Exercise requirements. The full listing, word for word and free of images, is the expected result.

Dataset content.

################

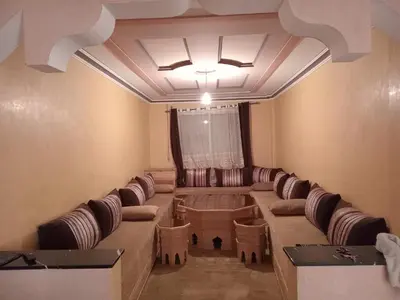 a waiting room with a long couch and chairs at Billa appart in Midelt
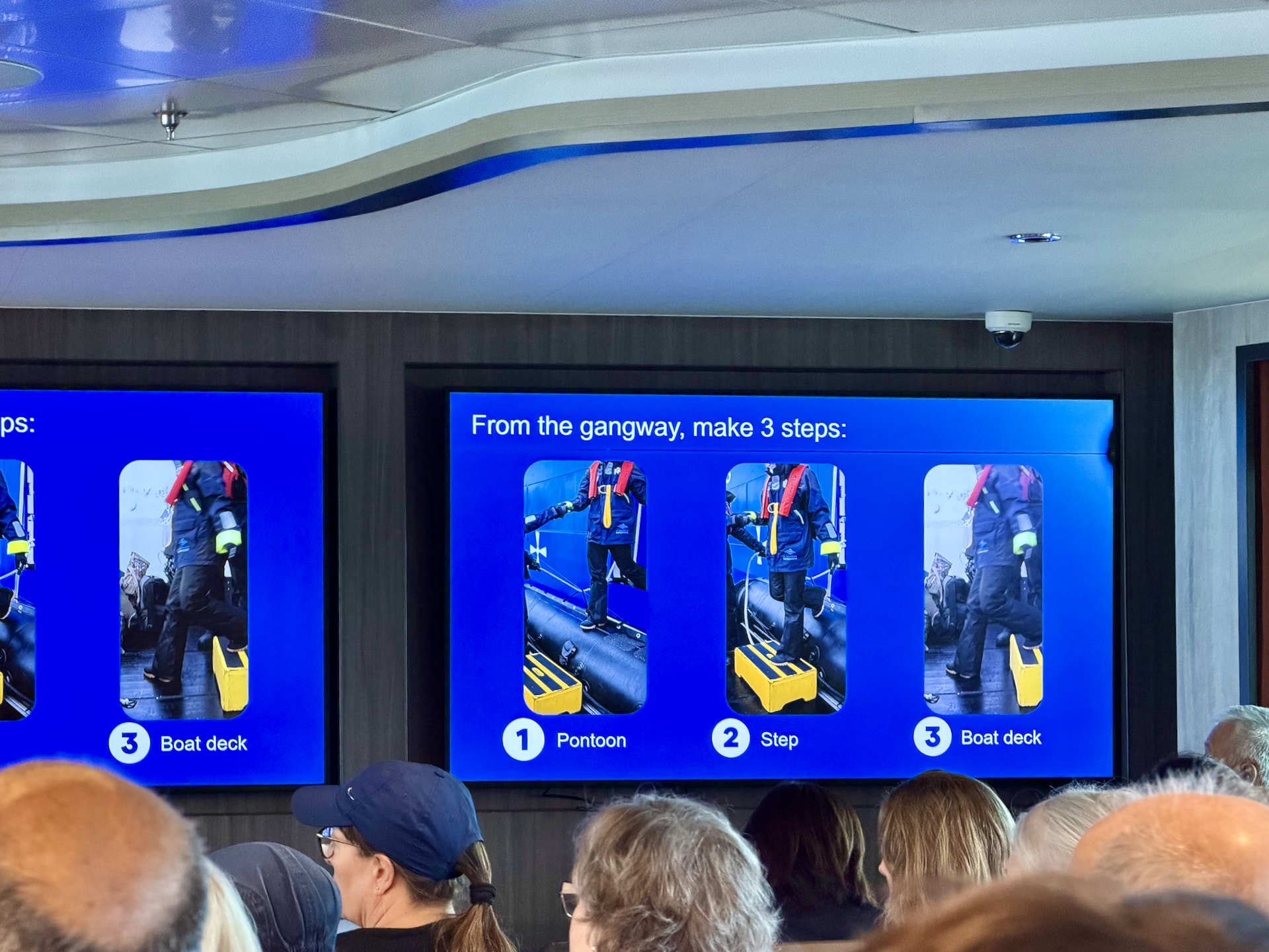 Expedition team briefing on Zodiac boarding technique inside the Ocean Albatros lecture lounge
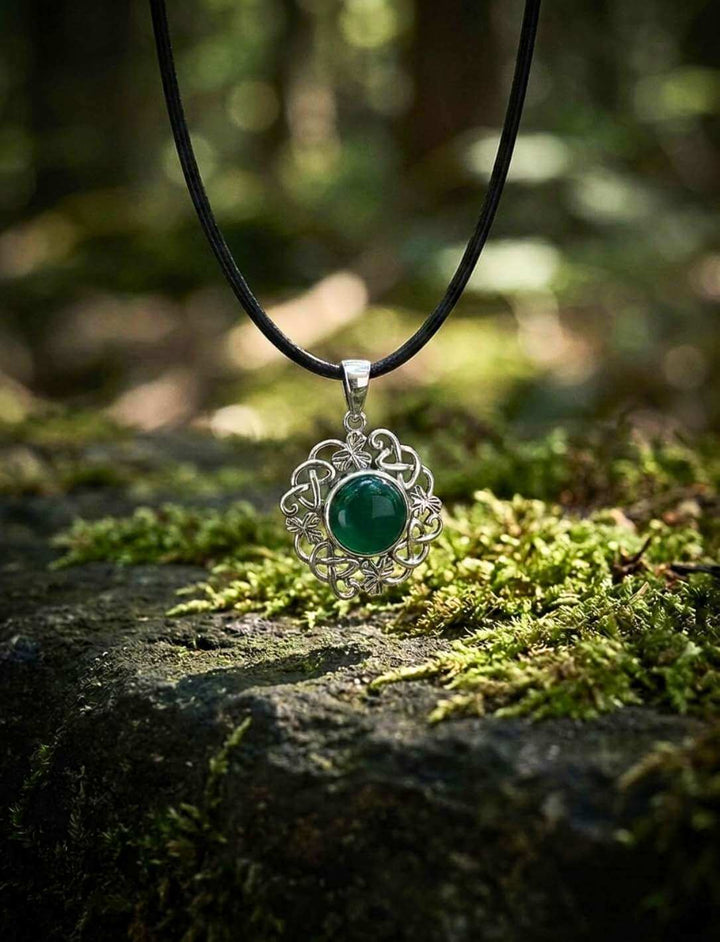 Irischer Shamrock-Anhänger mit grünem Achat an schwarzer Lederkette auf moosigem Stein im Wald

################

Answer below.
 a waiting room with a long couch and chairs at Billa appart in Midelt
 Expedition team briefing on Zodiac boarding technique inside the Ocean Albatros lecture lounge
 Irischer Shamrock-Anhänger mit grünem Achat an schwarzer Lederkette auf moosigem Stein im Wald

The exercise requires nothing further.